▸ LISTED ENTRIES
....
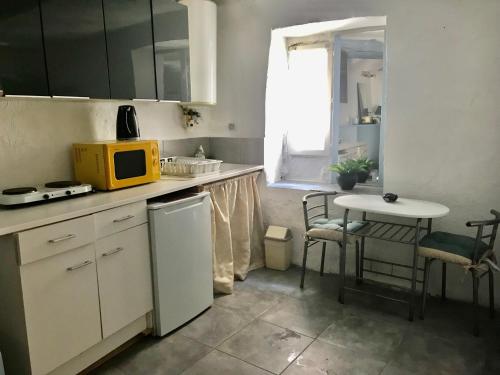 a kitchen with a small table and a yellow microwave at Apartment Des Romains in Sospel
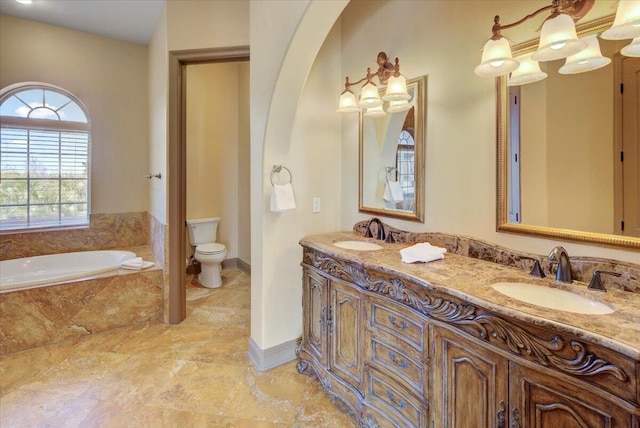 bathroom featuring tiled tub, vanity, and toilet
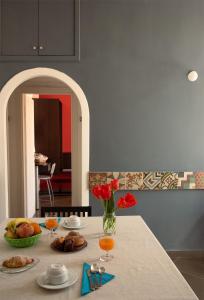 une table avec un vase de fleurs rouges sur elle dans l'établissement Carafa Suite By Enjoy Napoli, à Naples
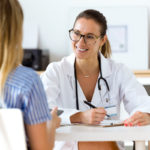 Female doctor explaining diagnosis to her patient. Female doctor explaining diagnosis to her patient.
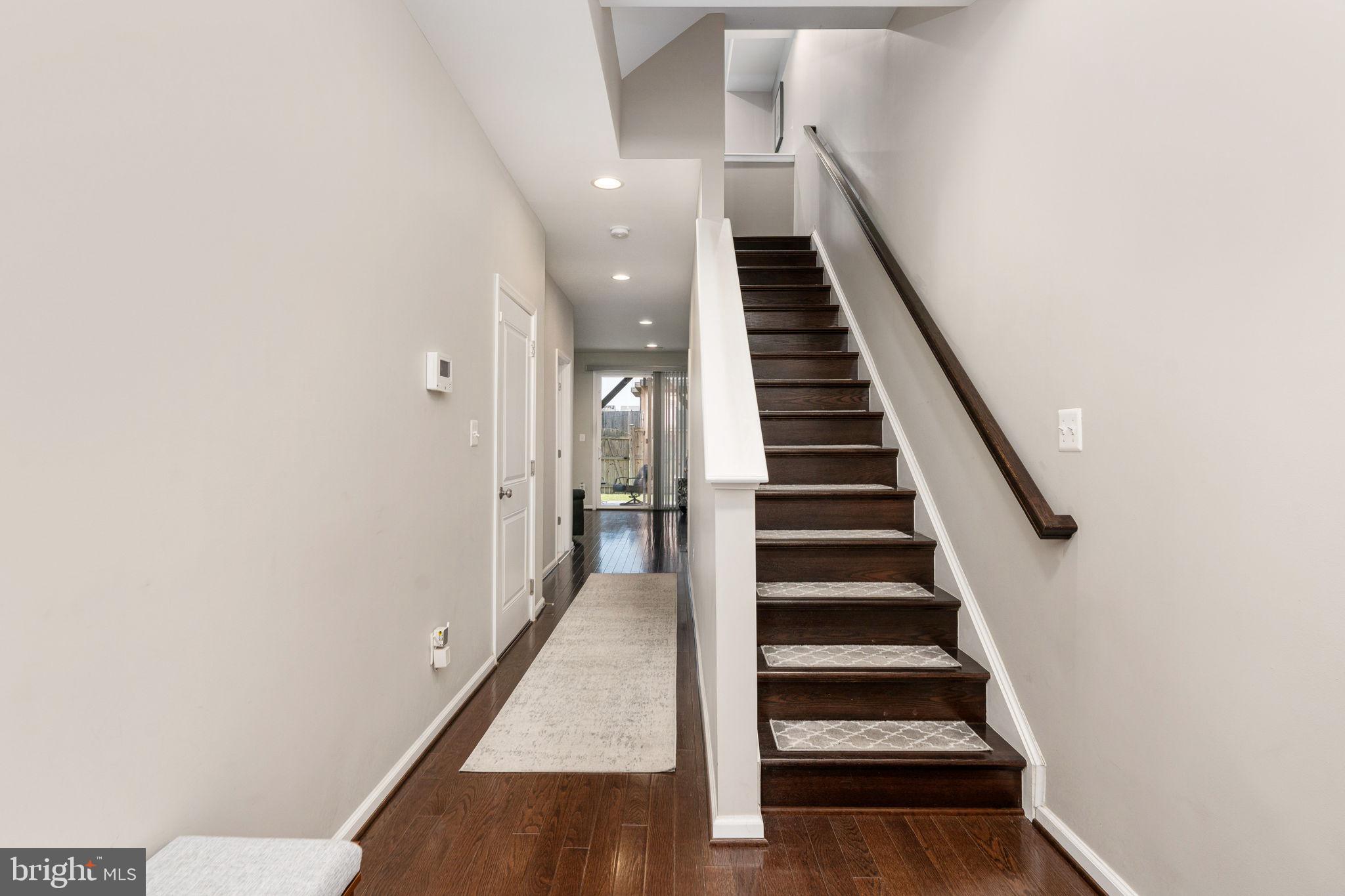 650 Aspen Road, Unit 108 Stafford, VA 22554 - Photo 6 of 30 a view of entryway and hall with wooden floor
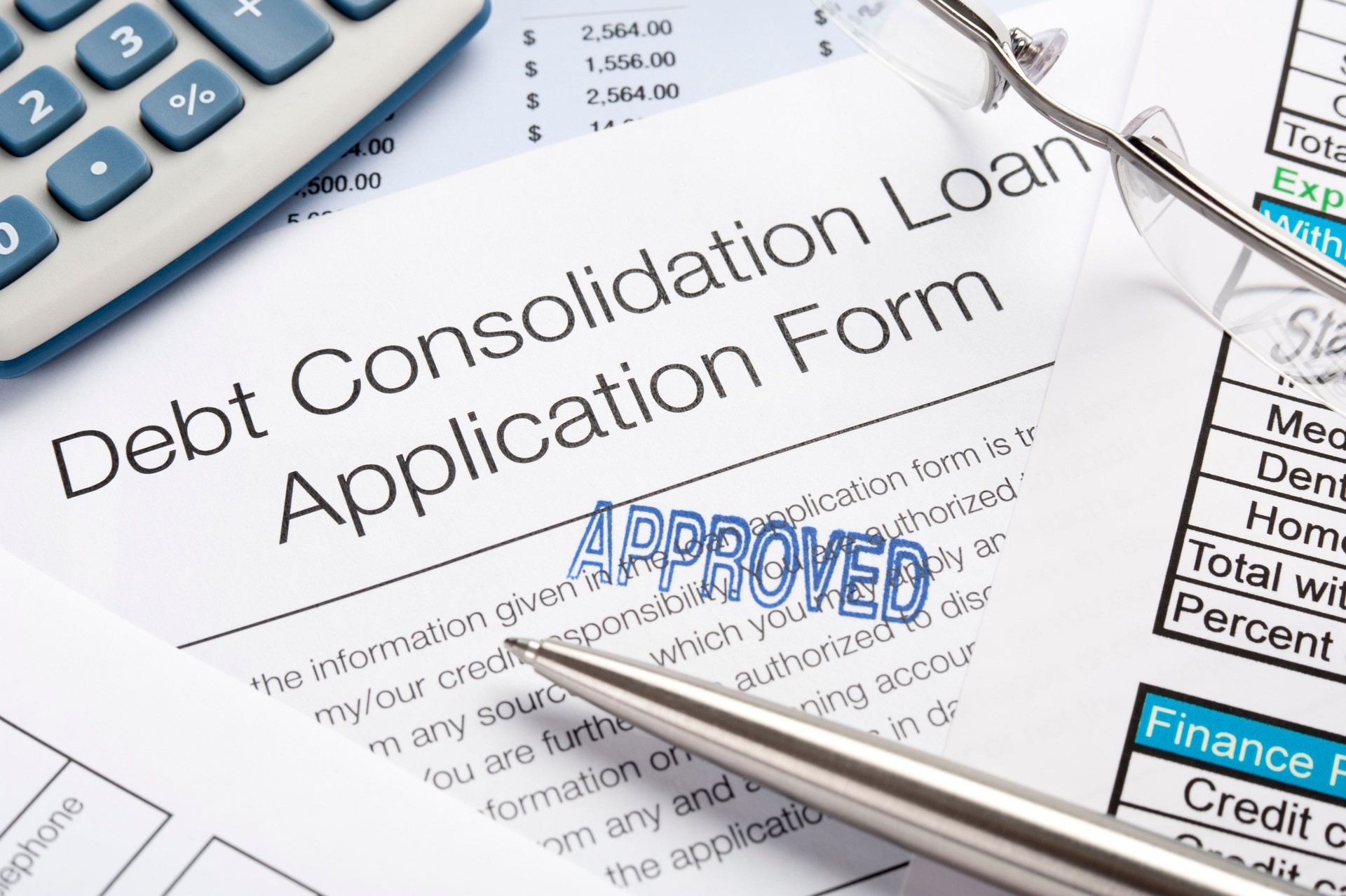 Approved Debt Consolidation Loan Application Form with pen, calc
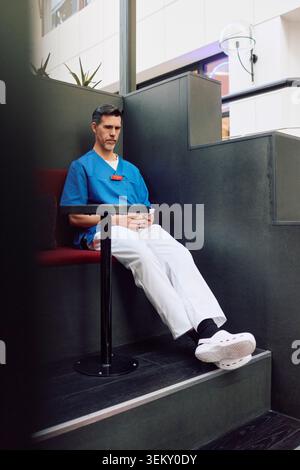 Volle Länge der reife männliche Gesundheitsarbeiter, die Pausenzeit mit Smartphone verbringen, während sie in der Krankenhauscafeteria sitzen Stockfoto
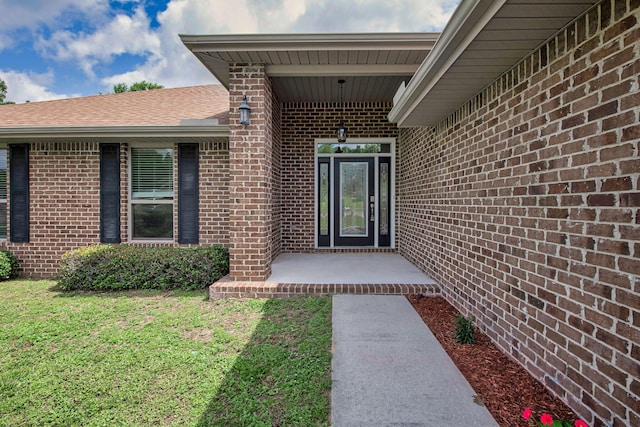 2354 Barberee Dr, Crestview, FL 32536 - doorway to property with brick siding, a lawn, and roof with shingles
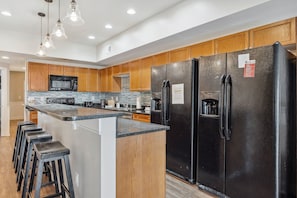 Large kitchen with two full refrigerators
....
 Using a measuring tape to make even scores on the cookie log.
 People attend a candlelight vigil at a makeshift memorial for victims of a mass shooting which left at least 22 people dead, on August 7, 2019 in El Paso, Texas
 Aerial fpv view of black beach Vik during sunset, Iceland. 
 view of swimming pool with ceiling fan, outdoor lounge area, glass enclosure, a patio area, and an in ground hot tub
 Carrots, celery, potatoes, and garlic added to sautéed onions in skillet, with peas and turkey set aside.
....
▸ TASK REQUIREMENTS
Using the listing above, restate exactly the range between the lines holding "Approved Debt Consolidation" and "Large kitchen with two full refrigerators", inclusive, with pictures left out.

▸ REPLY TO THE EXERCISE
 Approved Debt Consolidation Loan Application Form with pen, calc
 Volle Länge der reife männliche Gesundheitsarbeiter, die Pausenzeit mit Smartphone verbringen, während sie in der Krankenhauscafeteria sitzen Stockfoto
 2354 Barberee Dr, Crestview, FL 32536 - doorway to property with brick siding, a lawn, and roof with shingles
 Large kitchen with two full refrigerators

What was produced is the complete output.